_Data supplied_.
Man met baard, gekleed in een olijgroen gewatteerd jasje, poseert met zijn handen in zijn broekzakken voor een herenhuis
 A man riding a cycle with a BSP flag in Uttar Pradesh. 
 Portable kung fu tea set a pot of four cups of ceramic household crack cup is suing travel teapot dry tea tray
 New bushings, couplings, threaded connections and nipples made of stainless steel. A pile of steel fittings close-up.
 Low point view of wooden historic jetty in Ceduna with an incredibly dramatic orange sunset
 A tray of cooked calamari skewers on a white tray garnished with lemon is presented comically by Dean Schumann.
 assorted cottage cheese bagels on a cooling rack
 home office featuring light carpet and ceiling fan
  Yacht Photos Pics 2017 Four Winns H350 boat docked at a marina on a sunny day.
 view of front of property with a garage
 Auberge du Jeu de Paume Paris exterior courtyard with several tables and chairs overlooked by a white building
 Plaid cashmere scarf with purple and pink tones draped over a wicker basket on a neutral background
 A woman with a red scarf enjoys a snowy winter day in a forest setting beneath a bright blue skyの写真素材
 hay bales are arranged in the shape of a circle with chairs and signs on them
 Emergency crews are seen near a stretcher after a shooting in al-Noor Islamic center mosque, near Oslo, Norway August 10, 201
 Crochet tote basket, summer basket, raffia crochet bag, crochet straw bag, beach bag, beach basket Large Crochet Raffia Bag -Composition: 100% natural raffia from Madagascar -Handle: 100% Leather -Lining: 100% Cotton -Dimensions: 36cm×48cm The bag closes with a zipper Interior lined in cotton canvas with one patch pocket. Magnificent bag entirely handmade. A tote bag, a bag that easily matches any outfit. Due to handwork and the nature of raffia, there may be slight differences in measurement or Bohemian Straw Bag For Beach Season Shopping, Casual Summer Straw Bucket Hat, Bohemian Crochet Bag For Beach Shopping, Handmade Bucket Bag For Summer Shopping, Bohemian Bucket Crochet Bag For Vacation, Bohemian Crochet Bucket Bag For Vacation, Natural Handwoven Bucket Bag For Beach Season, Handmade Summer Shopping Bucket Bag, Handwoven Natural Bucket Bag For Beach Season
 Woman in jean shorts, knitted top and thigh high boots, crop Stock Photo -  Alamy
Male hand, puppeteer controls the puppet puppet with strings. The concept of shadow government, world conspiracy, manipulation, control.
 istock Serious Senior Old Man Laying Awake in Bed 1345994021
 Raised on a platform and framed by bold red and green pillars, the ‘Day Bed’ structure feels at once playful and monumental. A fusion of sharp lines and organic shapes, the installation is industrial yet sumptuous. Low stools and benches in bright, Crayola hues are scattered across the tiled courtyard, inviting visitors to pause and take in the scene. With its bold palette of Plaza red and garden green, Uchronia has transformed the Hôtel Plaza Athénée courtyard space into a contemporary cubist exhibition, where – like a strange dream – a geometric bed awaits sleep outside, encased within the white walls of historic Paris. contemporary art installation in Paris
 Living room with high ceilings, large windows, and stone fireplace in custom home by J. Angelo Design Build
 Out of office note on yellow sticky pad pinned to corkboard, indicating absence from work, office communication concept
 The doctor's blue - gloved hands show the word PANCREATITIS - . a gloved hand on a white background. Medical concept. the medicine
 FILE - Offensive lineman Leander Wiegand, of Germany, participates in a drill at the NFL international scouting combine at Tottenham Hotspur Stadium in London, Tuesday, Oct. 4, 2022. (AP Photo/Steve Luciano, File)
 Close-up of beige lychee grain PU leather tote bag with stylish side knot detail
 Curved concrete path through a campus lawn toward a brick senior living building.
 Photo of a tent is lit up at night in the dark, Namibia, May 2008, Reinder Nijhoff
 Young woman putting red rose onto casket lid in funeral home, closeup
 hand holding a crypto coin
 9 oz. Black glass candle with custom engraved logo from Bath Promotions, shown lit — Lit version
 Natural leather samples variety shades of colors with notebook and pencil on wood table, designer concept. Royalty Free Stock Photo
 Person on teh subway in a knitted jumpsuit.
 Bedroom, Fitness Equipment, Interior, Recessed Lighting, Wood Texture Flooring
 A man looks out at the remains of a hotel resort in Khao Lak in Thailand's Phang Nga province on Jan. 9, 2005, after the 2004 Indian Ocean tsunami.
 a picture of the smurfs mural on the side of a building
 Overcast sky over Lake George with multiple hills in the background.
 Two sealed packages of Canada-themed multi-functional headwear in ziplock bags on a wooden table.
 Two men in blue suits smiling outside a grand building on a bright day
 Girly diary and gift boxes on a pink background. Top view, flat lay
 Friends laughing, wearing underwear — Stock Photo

_Work to be completed_.
Please show each line in the records above that contains "scarf".

_Expected output_.
 Plaid cashmere scarf with purple and pink tones draped over a wicker basket on a neutral background
 A woman with a red scarf enjoys a snowy winter day in a forest setting beneath a bright blue skyの写真素材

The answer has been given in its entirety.